I don't mind it, I'm the one asking for feedback.


----------



## keepsmiling (Nov 20, 2012)

First, you haven't said what you do in the relationship. How often do you see each other, have alone time? Are you helping with the house chores and raising your child? Do you treat her or does every day go the same?

You don't just sound like you have a terrible sex life, you sound like you have no mental connection to your wife. That has to change before the sex does. Why? Because for women, feeling loved, cherished, respected and attractive makes them want sex. The sex comes after you make her feel appreciated, no exceptions!

How to connect with her: 
Ask her how she is feeling, what her day holds...
Would she like a hand with anything?
Let her ramble, listen to her and show you empathise. 
Make sure you do little things for her without being asked
Compliment her for what she does
Tell her what you love about her. 

Do these things regularly, and you will reconnect as people who respect each other. If you start these changes, she will notice and pay you more attention, and you'll be on the right track.

I understand you have to schedule sex, but that doesn't mean you tell her to come to the bedroom in an hour because that's when you'll be ready. Act ready in the morning, kiss her neck before you go to work, give a little shoulder rub... flirt with her! Let the loving thoughts turn to sexy thoughts, create anticipation for the evening. 
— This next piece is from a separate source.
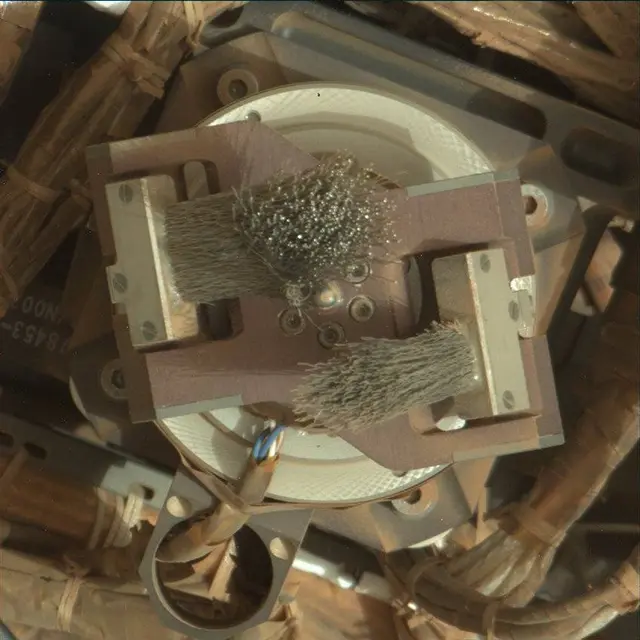 Sol 4951: Mast Camera (Mastcam)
Assertiveness is a fine suggestion, heck I have a very nice sex life and I still wish my SO would pounce on me sometimes!  Best wishes


----------



## Layla79 (Feb 6, 2013)

keepsmiling said:


> First, you haven't said what you do in the relationship. How often do you see each other, have alone time? Are you helping with the house chores and raising your child? Do you treat her or does every day go the same?
> 
> You don't just sound like you have a terrible sex life, you sound like you have no mental connection to your wife. That has to change before the sex does. Why?* Because for women, feeling loved, cherished, respected and attractive makes them want sex. The sex comes after you make her feel appreciated, no exceptions!*
> 
> ...


:iagree:
That is some excellent advice!
Could you come say all of this to my husband too? lol

Rick, I hope that you're able to reconnect with your wife on a mental/emotional and hopefully physical level too. Putting in that extra effort to show she is appreciated and respected may just be all that is needed to get the fire between the two of you burning again. It's worth a shot, right?
Best of luck!


----------



## Rick3 (Mar 31, 2012)

keepsmiling said:


> First, you haven't said what you do in the relationship. How often do you see each other, have alone time? Are you helping with the house chores and raising your child? Do you treat her or does every day go the same?
> 
> You don't just sound like you have a terrible sex life, you sound like you have no mental connection to your wife. That has to change before the sex does. Why? Because for women, feeling loved, cherished, respected and attractive makes them want sex. The sex comes after you make her feel appreciated, no exceptions!
> 
> ...


Thanks! Addressing one of the questions, we do have some issues with our schedules. I work from home but often have to work in the evenings so by the time I come to bed she is often already asleep as she has to get up much earlier than I do for work. That itself leads to less time we are together.


----------